I get more excited by coffee things now. This morning, on the train up to London, I got inappropriately excited at a tweet I saw from @StoreStEspresso saying that they were stocking Coffee Collective coffee. Regular readers will know that I am half-Danish, and studying Scandinavian Studies, so the prospect of trying coffee from the most prominent roaster to come out of Copenhagen was enough to get my taste buds oscillating.
I’ve already written a post about Store Street Espresso, my most visited coffee shop in London. But this is about Coffee Collective, especially as their bags are a rare sight in the UK. The coffee is directly traded, and they adhere to all the hallmarks of a great roaster: single origin filter, small batch roasting etc. But the proof is in the pudding as they say, and my appreciation of them so far has only been theoretical.

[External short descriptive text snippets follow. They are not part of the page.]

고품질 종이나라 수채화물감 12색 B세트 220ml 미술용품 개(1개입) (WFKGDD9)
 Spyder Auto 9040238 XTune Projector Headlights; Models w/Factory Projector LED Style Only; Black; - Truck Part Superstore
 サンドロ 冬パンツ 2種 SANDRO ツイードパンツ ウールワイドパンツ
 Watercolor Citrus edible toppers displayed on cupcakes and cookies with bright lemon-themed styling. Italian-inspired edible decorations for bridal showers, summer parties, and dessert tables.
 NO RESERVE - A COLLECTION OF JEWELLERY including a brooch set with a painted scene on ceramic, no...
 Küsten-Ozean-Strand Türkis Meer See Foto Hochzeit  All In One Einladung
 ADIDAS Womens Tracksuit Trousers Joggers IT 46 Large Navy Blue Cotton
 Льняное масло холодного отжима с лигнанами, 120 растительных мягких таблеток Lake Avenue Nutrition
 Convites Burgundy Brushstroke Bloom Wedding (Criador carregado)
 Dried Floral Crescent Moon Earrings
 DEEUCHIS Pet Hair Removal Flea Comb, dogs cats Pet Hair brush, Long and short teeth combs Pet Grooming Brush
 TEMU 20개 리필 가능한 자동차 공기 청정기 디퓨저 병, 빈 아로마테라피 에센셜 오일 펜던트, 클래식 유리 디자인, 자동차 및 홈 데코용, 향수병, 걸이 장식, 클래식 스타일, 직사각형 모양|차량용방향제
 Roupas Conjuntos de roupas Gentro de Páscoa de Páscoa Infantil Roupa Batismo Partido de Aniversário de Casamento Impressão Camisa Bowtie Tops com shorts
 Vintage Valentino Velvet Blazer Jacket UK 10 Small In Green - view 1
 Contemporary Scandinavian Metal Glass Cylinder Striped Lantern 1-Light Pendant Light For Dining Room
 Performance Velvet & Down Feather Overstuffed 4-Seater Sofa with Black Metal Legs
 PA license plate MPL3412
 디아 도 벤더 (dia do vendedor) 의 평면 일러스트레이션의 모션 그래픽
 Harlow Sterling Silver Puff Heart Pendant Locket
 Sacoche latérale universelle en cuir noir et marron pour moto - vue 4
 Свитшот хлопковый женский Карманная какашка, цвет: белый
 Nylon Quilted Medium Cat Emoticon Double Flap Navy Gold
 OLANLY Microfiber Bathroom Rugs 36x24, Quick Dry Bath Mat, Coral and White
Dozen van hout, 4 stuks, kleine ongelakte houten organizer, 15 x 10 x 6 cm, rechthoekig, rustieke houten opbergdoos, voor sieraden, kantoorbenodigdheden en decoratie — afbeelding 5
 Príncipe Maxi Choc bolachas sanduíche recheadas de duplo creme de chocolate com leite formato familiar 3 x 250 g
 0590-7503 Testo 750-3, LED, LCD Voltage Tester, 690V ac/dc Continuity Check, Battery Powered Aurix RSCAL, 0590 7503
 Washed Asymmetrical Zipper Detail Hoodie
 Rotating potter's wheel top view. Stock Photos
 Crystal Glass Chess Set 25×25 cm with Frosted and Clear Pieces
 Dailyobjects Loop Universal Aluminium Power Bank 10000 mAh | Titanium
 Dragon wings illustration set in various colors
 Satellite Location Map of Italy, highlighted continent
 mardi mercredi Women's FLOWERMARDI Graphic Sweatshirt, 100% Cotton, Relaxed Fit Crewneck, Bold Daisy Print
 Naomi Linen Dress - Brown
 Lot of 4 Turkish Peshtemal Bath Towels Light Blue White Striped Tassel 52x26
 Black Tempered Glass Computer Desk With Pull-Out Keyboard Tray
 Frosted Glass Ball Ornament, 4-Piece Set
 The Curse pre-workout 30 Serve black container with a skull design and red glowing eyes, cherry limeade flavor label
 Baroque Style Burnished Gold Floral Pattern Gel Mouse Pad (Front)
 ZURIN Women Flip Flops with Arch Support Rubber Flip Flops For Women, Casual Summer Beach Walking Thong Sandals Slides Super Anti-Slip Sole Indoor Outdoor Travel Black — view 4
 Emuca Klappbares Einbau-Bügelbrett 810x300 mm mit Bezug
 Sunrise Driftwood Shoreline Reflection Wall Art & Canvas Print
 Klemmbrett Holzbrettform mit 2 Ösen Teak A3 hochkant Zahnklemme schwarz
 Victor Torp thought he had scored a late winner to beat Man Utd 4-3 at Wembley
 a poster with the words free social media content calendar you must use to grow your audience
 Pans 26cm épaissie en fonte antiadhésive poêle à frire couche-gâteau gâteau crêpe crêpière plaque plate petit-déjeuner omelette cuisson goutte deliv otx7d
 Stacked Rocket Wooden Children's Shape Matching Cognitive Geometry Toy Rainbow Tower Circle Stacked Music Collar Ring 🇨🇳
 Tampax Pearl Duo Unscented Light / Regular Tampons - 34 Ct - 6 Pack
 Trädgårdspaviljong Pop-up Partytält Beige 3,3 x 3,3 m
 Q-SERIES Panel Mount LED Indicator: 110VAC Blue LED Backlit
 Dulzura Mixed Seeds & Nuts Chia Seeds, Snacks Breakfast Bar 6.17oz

First of all, a nod to the Store Street baristas. The consistency in their coffee is excellent, even at busy times. The Coffee Collective guest pourover they have is Columbia El Dissarollo. Light and complex, the coffee’s flavours are subtle and requires searching from the tongue. Straight away is a light sherbet flavour, this was then followed by a drier and less obvious Earl Grey note. The finish is clean and gives the drinker time to identify all the flavours in the complex body of the coffee.
It’s impossible to judge a roaster on just one cup of coffee, but if I were to judge based on this cup, the marks would be high. This coffee was bold in its quietness, which showed a trust in the drinker to be able to appreciate the deeper aspects of the coffee. The El Dissarollo impressed me, and if the Coffee Collective achieve this quality of coffee consistently, then they could well stand up with the best of London coffee. Coffee Collective is at Store Street for a limited time, so catch it before it’s gone.